Both Mexico and Brazil have already tried tinkering with drug laws to divert users who aren’t traffickers to treatment or community service instead of prison. But both Brazil’s law, passed in 2006, and Mexico’s, passed in 2009, also stiffened penalties for small-scale trafficking and gave police, prosecutors, and judges little guidance on how to distinguish between traffickers and users. So it’s impossible to know how many Mexicans or Brazilians who are serving prison time on drug charges were simply non-violent users wrongly charged as traffickers. In Mexico, the Supreme Court’s marijuana decision last month included a recognition that allowing users to grow their own protects them both from prosecution and from the risks inherent in buying from criminals.
Legalizing the possession of drugs for personal use in Brazil would probably help alleviate the country’s chronic prison overcrowding, and it would certainly allow a fresh approach to the problems of drug dependence. Inside Brazil’s prisons, drugs can be easy to get, and drug treatment is not often available, Human Rights Watch research has found.
Brazil’s Supreme Court in September put off deciding whether the law that makes possession of drugs for personal use a crime violates Article 5 of the Constitution, which guarantees a right to privacy. That right is also enshrined in the International Covenant on Civil and Political Rights and the American Convention on Human Rights. An affirmative decision in the case would not only represent long-overdue recognition of personal sovereignty, it would provide an opportunity to pivot toward managing drug dependence as an illness instead of a crime.

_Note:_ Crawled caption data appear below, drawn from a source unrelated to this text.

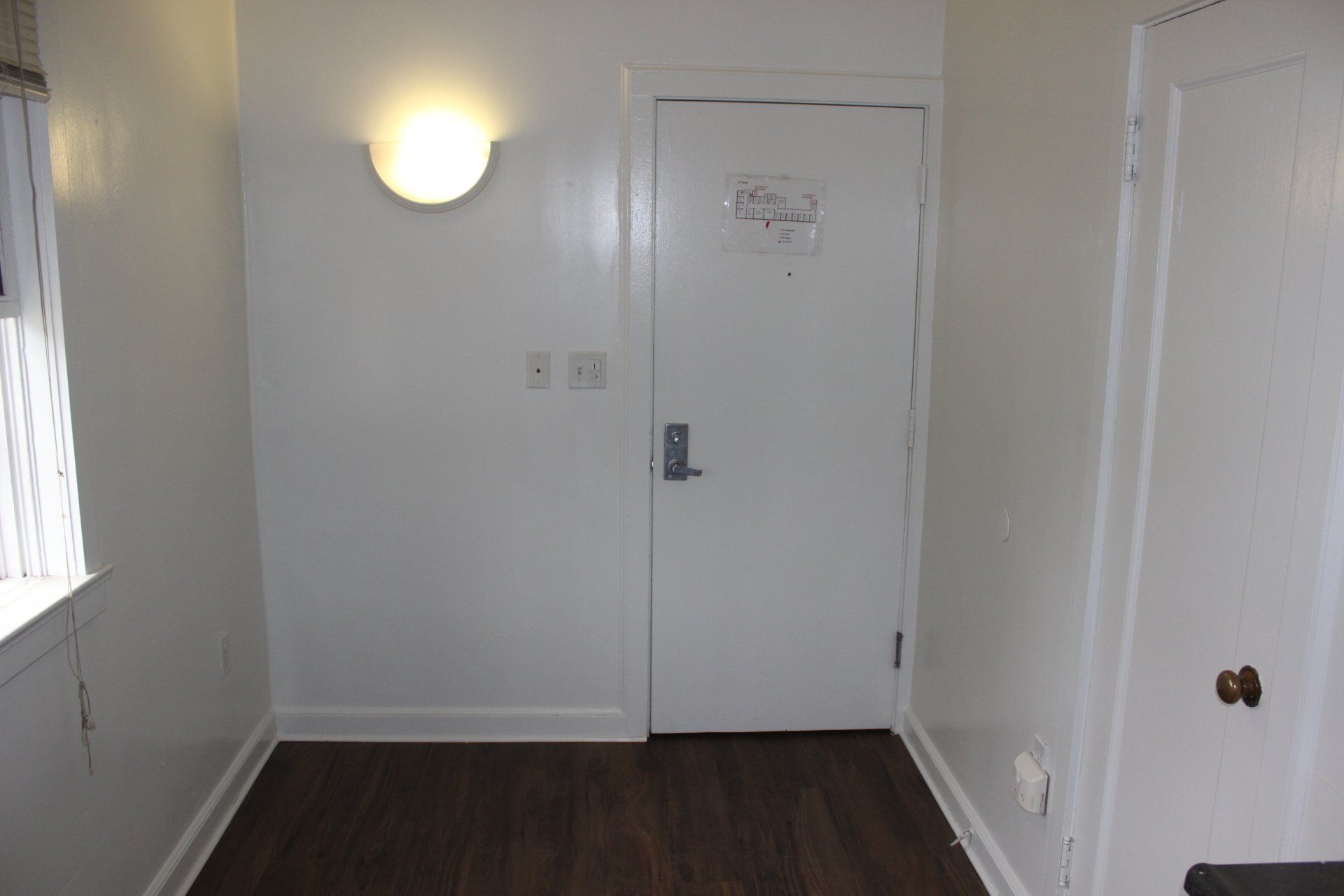 An empty room with a door and a light on the wall.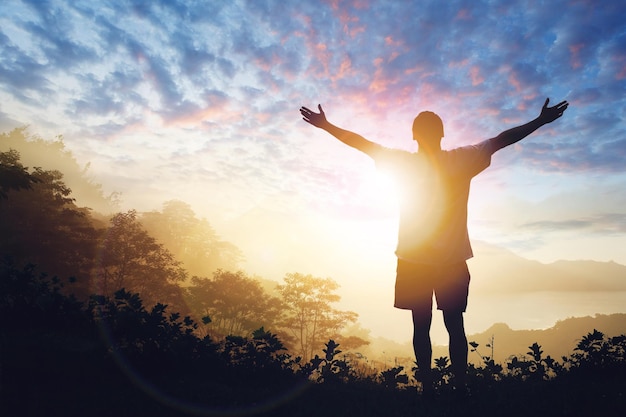 Copy space of man raise hand up on sunset sky Freedom and travel adventure concept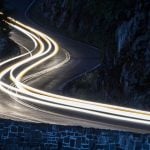 Long Exposure Of White Car Lights On Curving Road in NY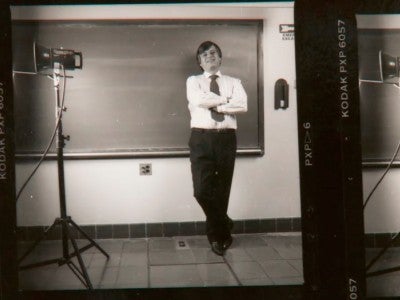 Archive photo of Richard Tapia leaning against a chalkboard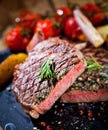 Sliced grilled meat barbecue steak Striploin with knife and fork carving set on black stone slate. Royalty Free Stock Photo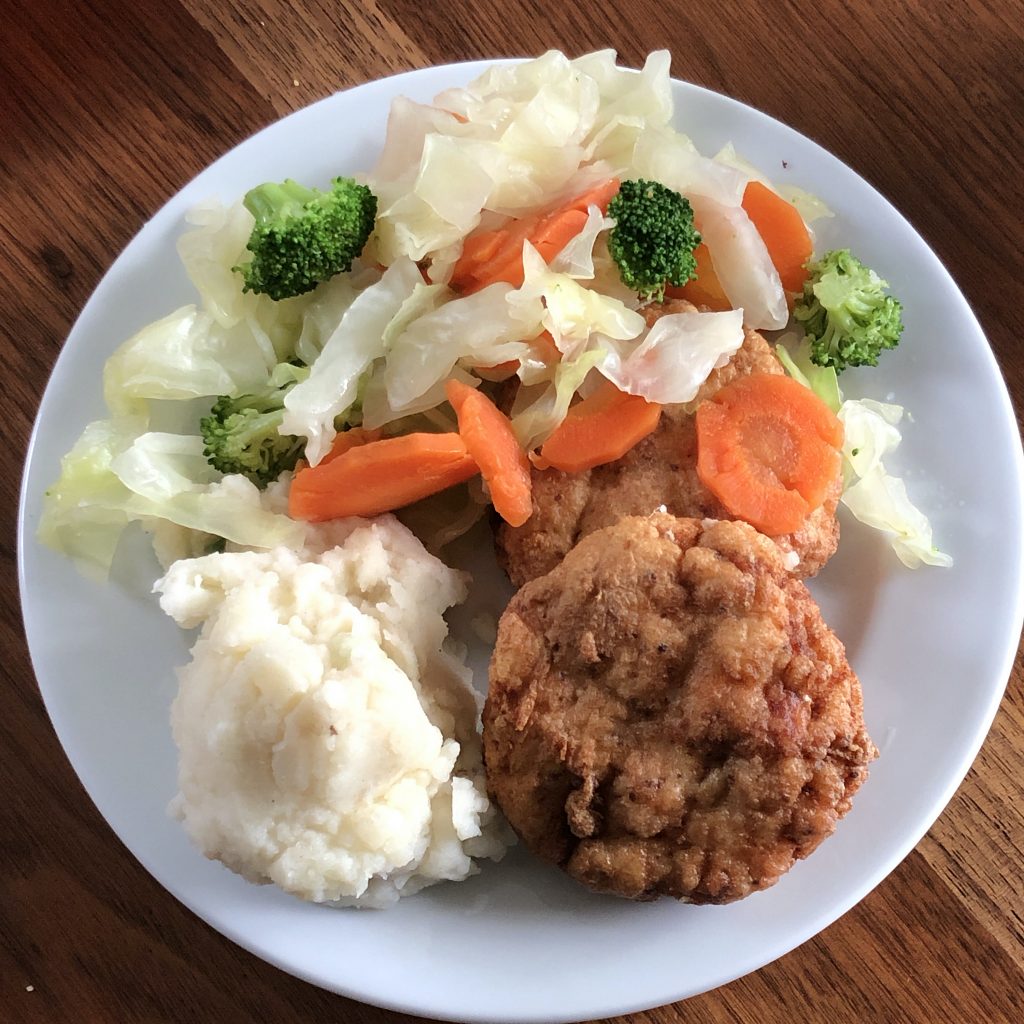 Shanagarry fish cakes at the Irish Rover are fashioned from a blend of smoked salmon and cod, served with veggies and mashed potatoes.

The United Nations General Assembly is planning a special session on drug policy in 2016, giving Brazil a chance to assume a leadership role in diverting resources from prosecution of users to treatment of those who are drug-dependent. Brazil should step into that role. After all, as the Single Convention on Narcotic Drugs put it in 1961, the purpose of drug policy is “the health and welfare of mankind.”